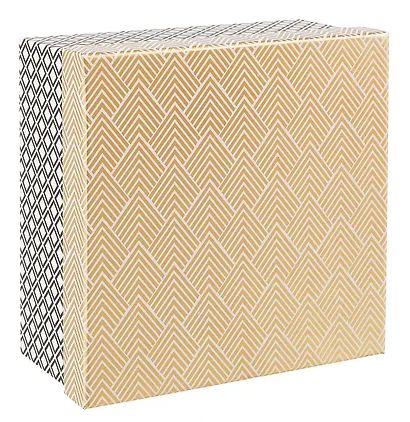 Коробка подарочная "Геометрия" 20*20*9.5, картон - фото 1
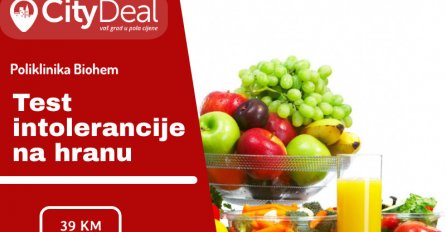 Test intolerancija na hranu, + sistematski laboratorijski po još povoljnoj cijeni!
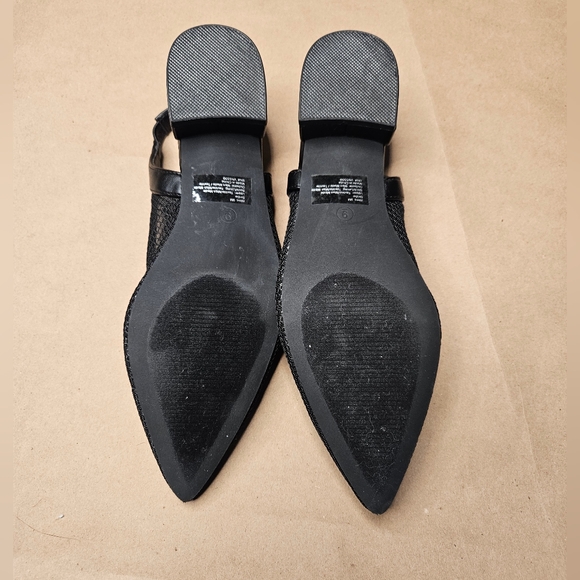 Seychelles Los Angeles Birdie black flat slingback shoes. size 9 - Picture 3 of 3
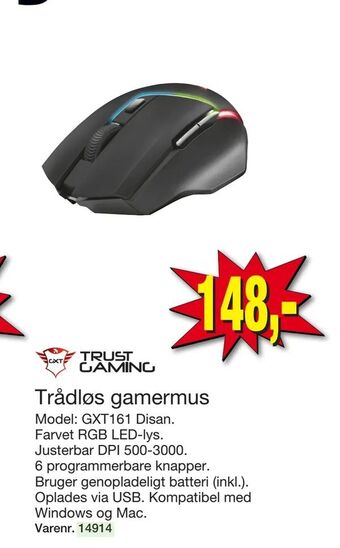 Harald Nyborg Trådløs gamermus tilbud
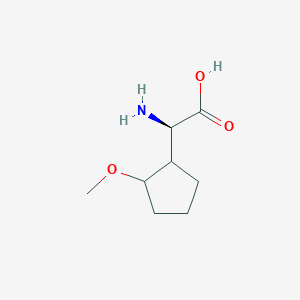 molecular formula C8H15NO3 B15269105 (2R)-2-Amino-2-(2-methoxycyclopentyl)acetic acid 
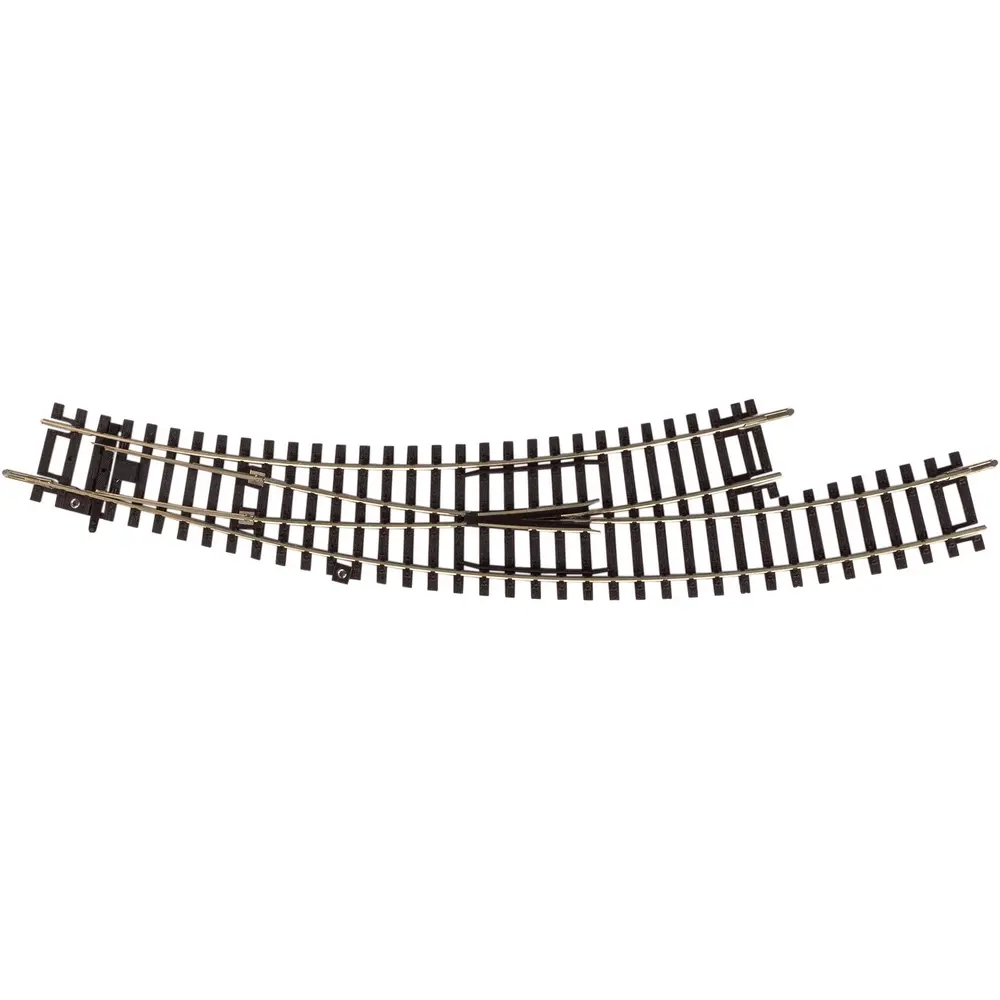 Aiguillage courbe Gauche R2-R3 - Traverses Bois 30° PIKO 55222 | HO 1/87 | Code 100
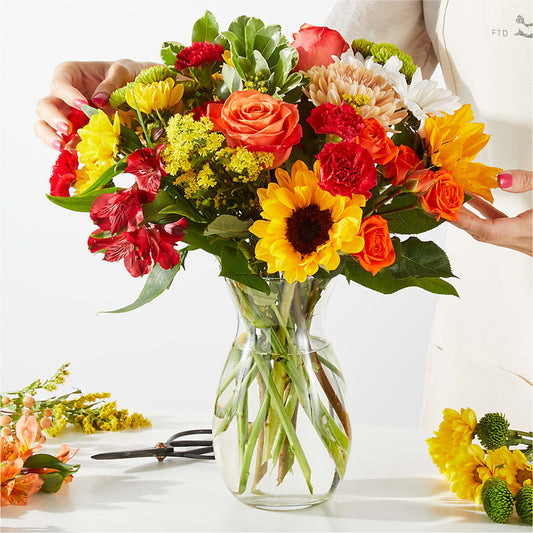 Fall Delight – A Florist Original –  Flowers The Bouquet Of Roses, Tampa FL
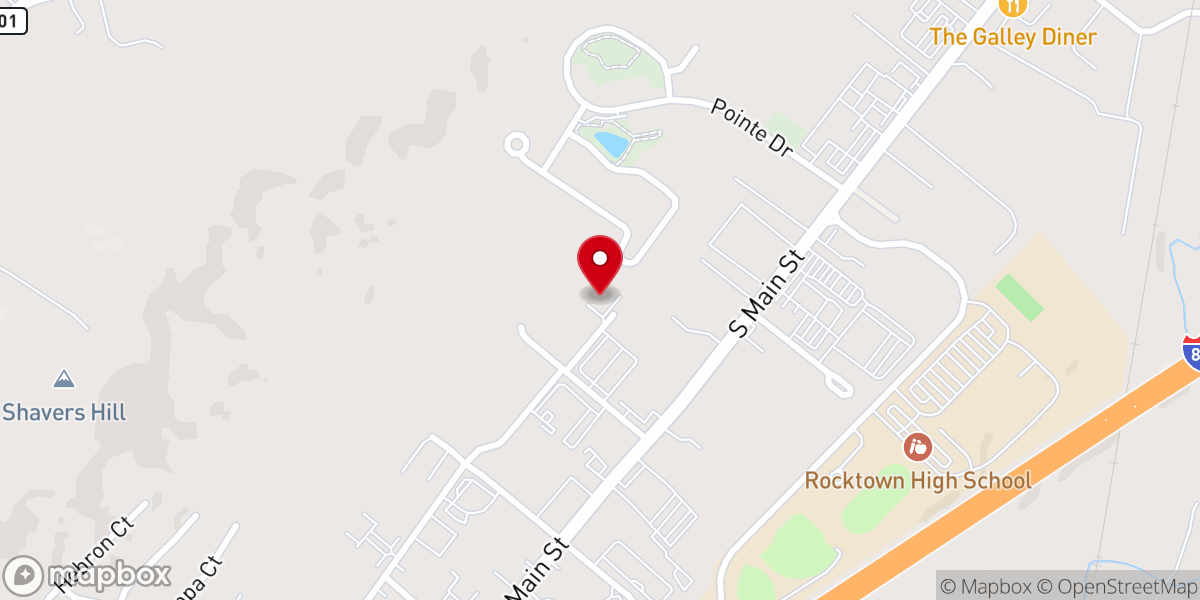 Map showing location of New Life Pentecostal Church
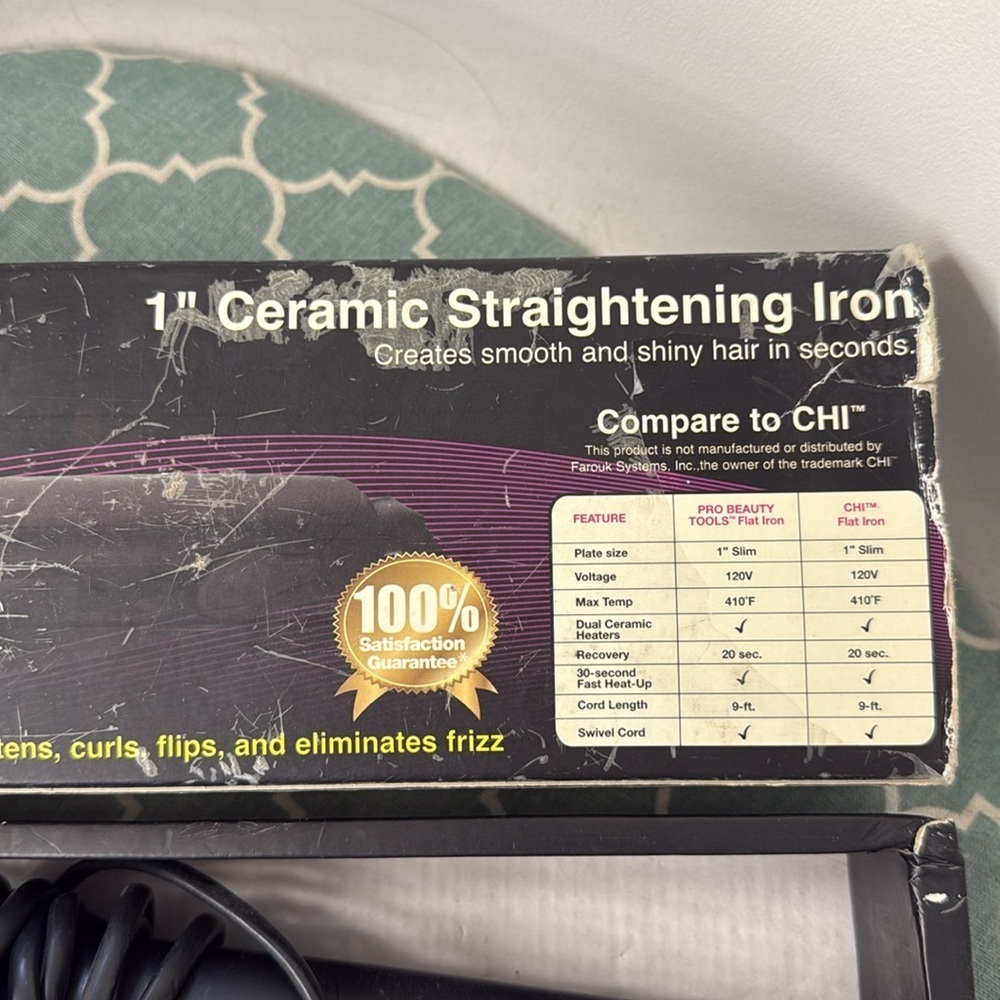 1” ceramic straightening iron - Picture 3 of 3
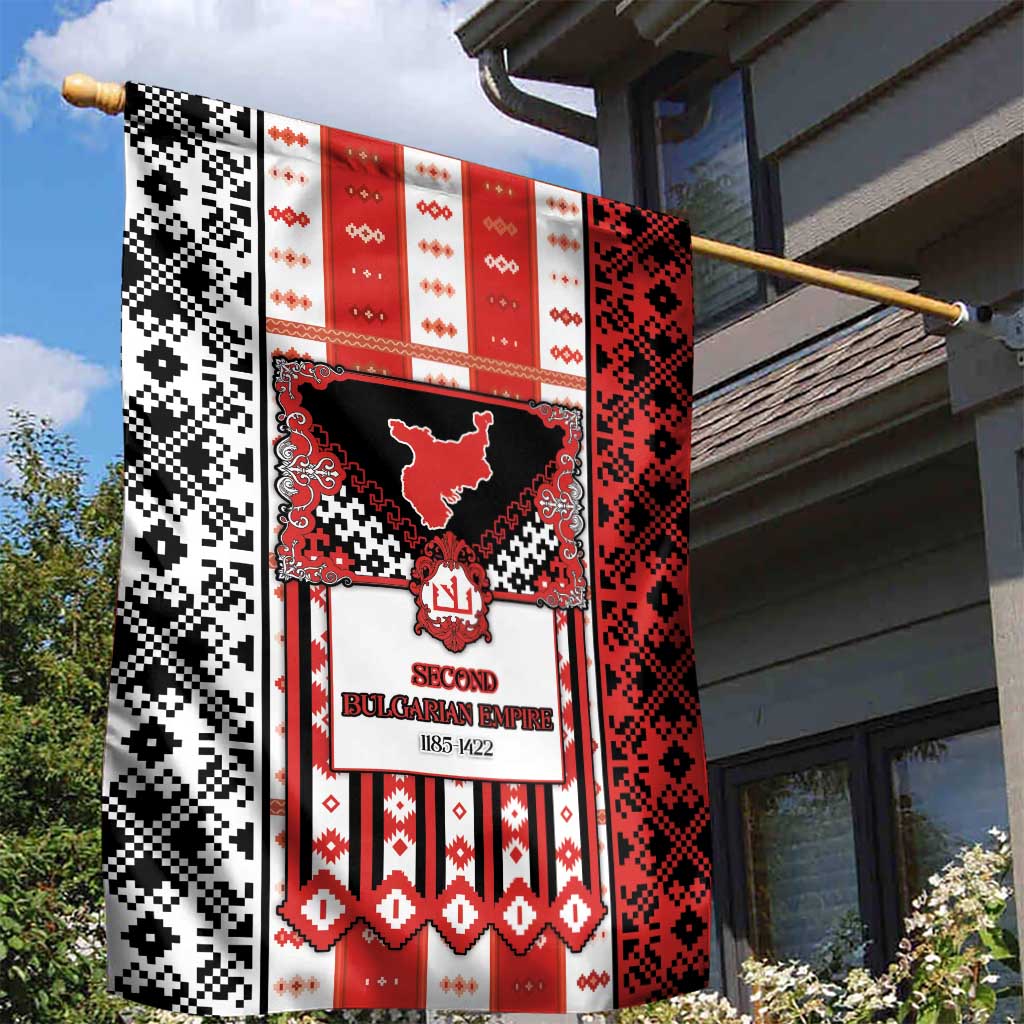 Second Bulgarian Empire Garden Flag Slavic Patterns - Wonder Print Shop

> Task to carry out
A word-for-word copy is needed, starting at the first line of the listing and ending with the line bearing "Aiguillage courbe Gauche". No pictures.

> Task output
 Коробка подарочная "Геометрия" 20*20*9.5, картон - фото 1
 Test intolerancija na hranu, + sistematski laboratorijski po još povoljnoj cijeni!
 Seychelles Los Angeles Birdie black flat slingback shoes. size 9 - Picture 3 of 3
 Harald Nyborg Trådløs gamermus tilbud
 molecular formula C8H15NO3 B15269105 (2R)-2-Amino-2-(2-methoxycyclopentyl)acetic acid 
 Aiguillage courbe Gauche R2-R3 - Traverses Bois 30° PIKO 55222 | HO 1/87 | Code 100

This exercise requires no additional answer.